__EXERCISE DESCRIPTION__: Go to the line below that contains "Houndoom E4 - 65/111". From there to the end of the records, reproduce each line exactly, except the pictures.

__Web page caption snippets__:
*** Begin section ***

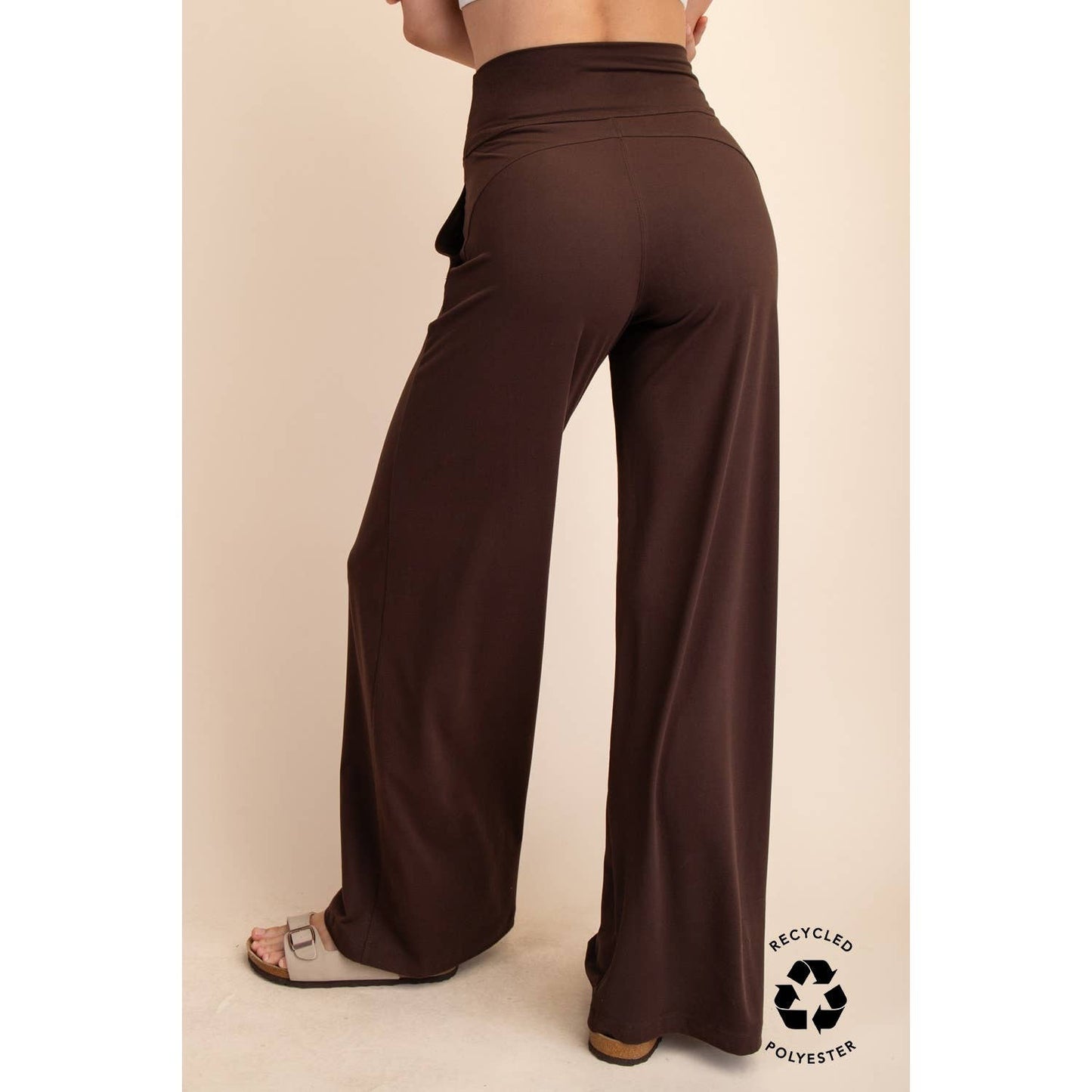 Rae Mode | V Waist Butter Wide Leg Pant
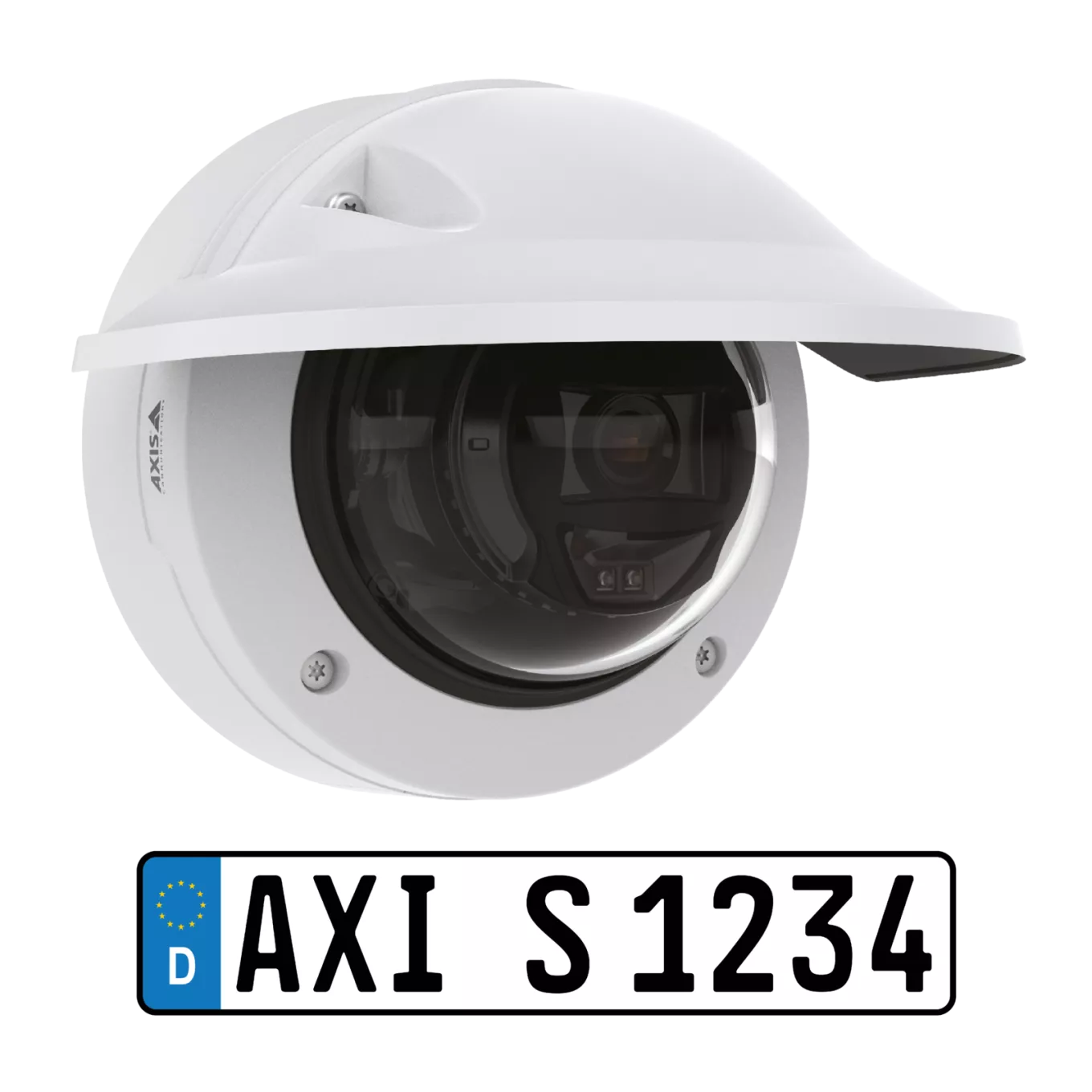 AXIS P3265-LVE-3 viewed form its right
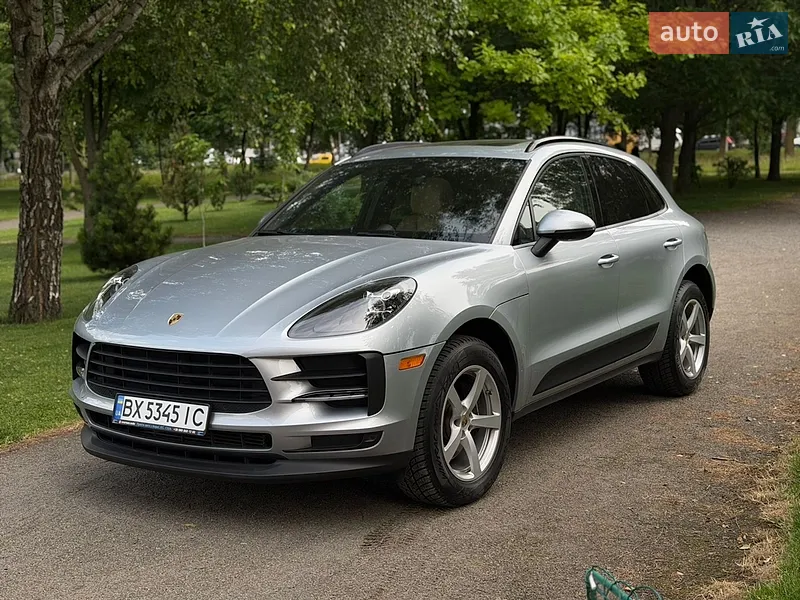 Porsche Macan 2019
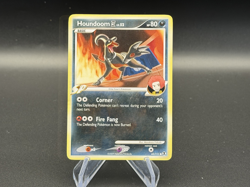 Houndoom E4 - 65/111 Rising Rivals - Pokemon TCG - 2009 - Image 1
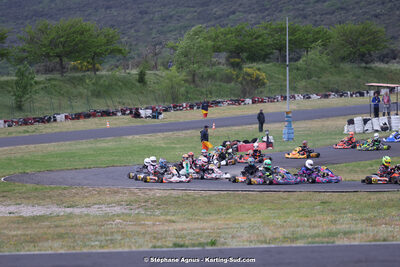 27 & 28/04/2024 : 3ème manche du Championnat du Sud au circuit Fun Kart Brissac (photos Stéphane Agnus) 2024 — karting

*** End section ***

__PROBLEM SOLUTION__:
 Houndoom E4 - 65/111 Rising Rivals - Pokemon TCG - 2009 - Image 1
 27 & 28/04/2024 : 3ème manche du Championnat du Sud au circuit Fun Kart Brissac (photos Stéphane Agnus) 2024 — karting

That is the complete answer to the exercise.